Б. Я н г ф е л ь д т. Ставка — жизнь. Владимир Маяковский и его круг.
М., «КоЛибри», 2009, 640 стр. («Отдельные проекты»).
После выхода на шведском языке книга Б. Янгфельдта получила престижную премию, что вполне справедливо, — лучшее повествование о Маяковском, написанное иностранцем, трудно представить. Однако восторга рецензентов, на все лады расхваливающих перед местными читателями перевод книги, я отнюдь не разделяю. Кажется, только Г. Дашевский отважился заявить, что анализ стихотворных текстов Маяковского, приемлемый для читателя-иностранца, попросту чудовищен. Но так оно и есть.

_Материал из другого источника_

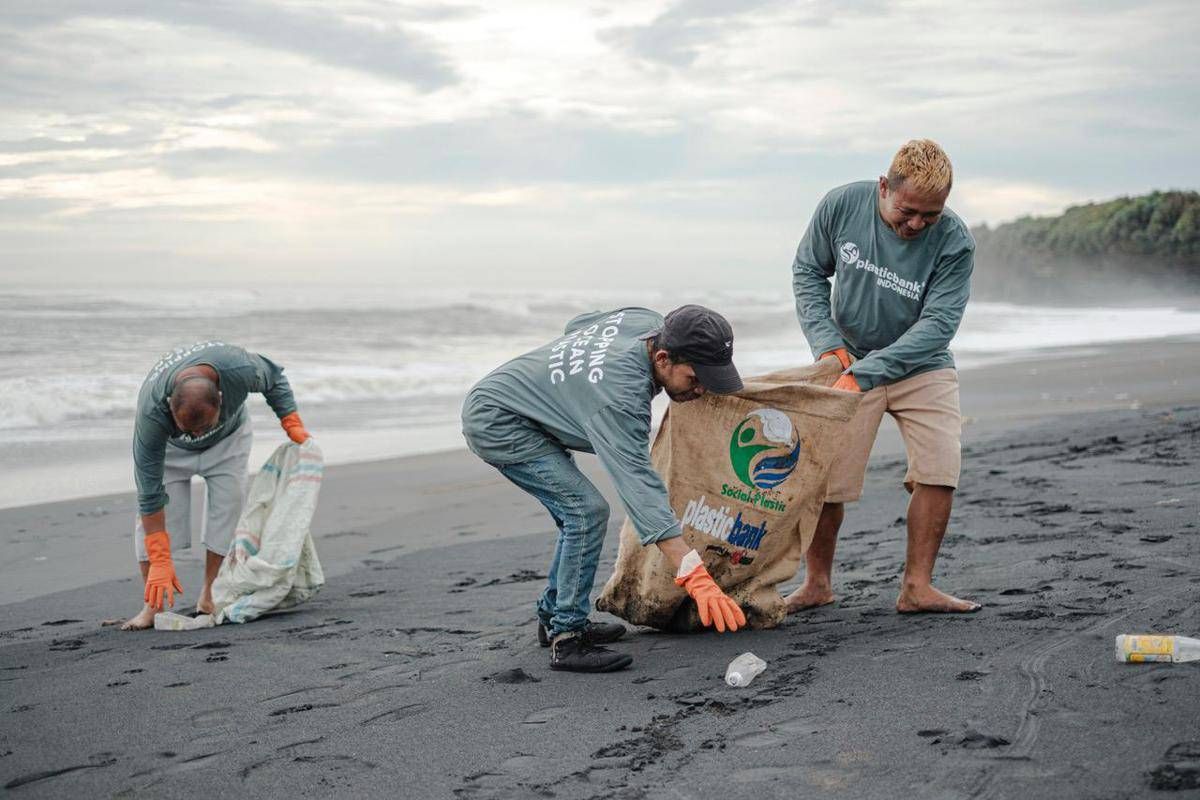 Sostenibilità, Davines: nel 2024 rimosse dall’ambiente 866 tonnellate di rifiuti in plastica -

Разбор и анализ стихов — дело очень трудное, особенно если стихи наполнены гиперболами, метафорами, совсем не поддающимися пересказу. Те, кто помнит школьную программу семидесятых — восьмидесятых годов прошлого века, со мной согласятся. Этот благообразный пересказ, сводящий концы с концами, делающий из поэзии набор идей, выразительных средств, лирических героев, и убил интерес к Маяковскому у многих-многих читателей, а заодно и к Достоевскому, Некрасову, Пушкину, Лермонтову.
У Б. Янгфельдта, обращавшегося к читателю, который не имеет возможности прочесть стихи в оригинале, таких аналитических изложений переизбыток. Но самое смешное, когда деловитой профессорской скороговоркой, будто с кафедры вещая, сообщаются вещи заведомо неверные.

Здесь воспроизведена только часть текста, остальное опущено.